## PROBLEM REQUIREMENTS
Your answer must be an exact copy of the data below, minus any pictures.

## Recorded data
Content starts
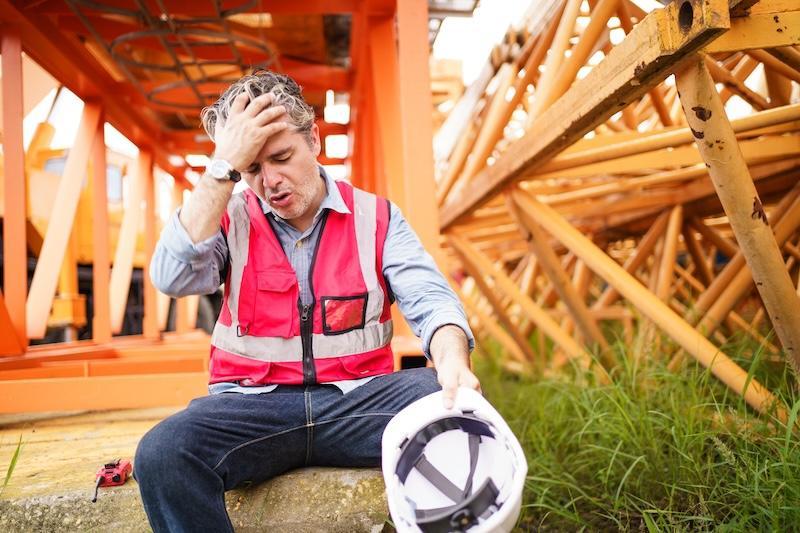 A worker struggling with the heat outside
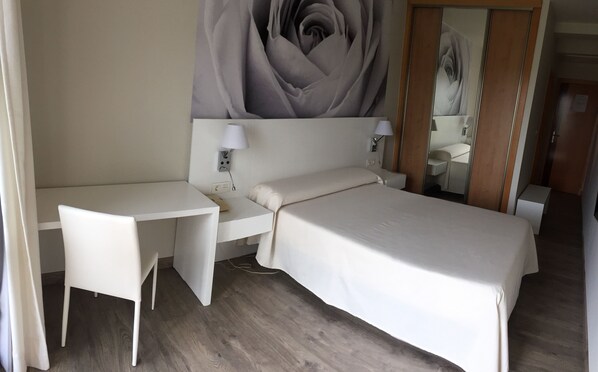 Una habitación de hotel con cama, escritorio y silla. Hay un espejo grande en la pared y un cuadro de una rosa.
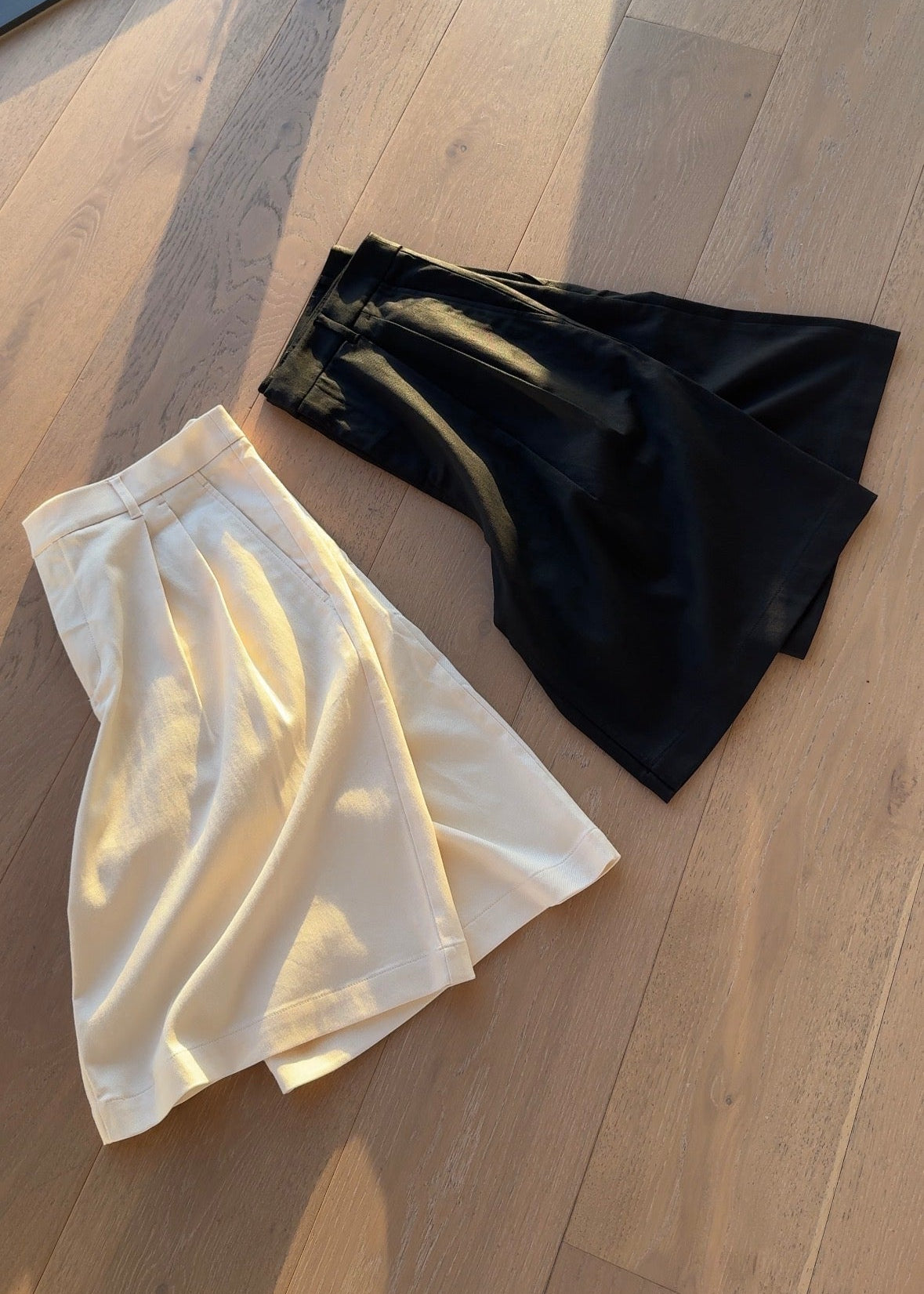Two shorts folded, one cream and one black, on a wooden floor.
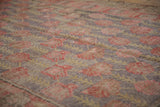 Textured Khotan runner detail: faded cherry red blossoms and dusty gold vinery on a worn aubergine field.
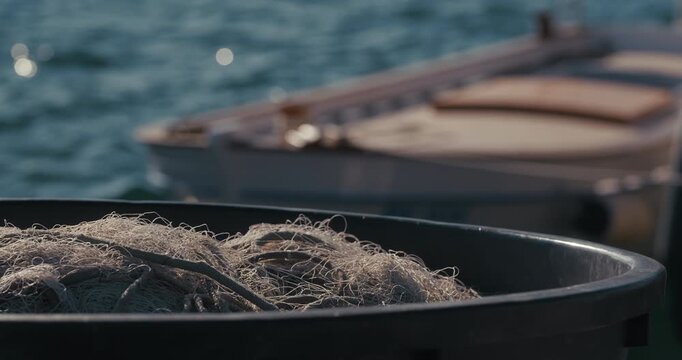 Fishing net piled inside a container with blurred boat and sea in the background at harbor in Rovinj, Istria, Croatia.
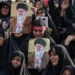 Un grupo de personas sostiene retratos del fallecido líder supremo de Irán, el ayatolá Alí Jamenei, al comienzo de las ceremonias fúnebres.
Content ends
## COMPLETED EXERCISE
 A worker struggling with the heat outside
 Una habitación de hotel con cama, escritorio y silla. Hay un espejo grande en la pared y un cuadro de una rosa.
Two shorts folded, one cream and one black, on a wooden floor.
 Textured Khotan runner detail: faded cherry red blossoms and dusty gold vinery on a worn aubergine field.
 Fishing net piled inside a container with blurred boat and sea in the background at harbor in Rovinj, Istria, Croatia.
 Un grupo de personas sostiene retratos del fallecido líder supremo de Irán, el ayatolá Alí Jamenei, al comienzo de las ceremonias fúnebres.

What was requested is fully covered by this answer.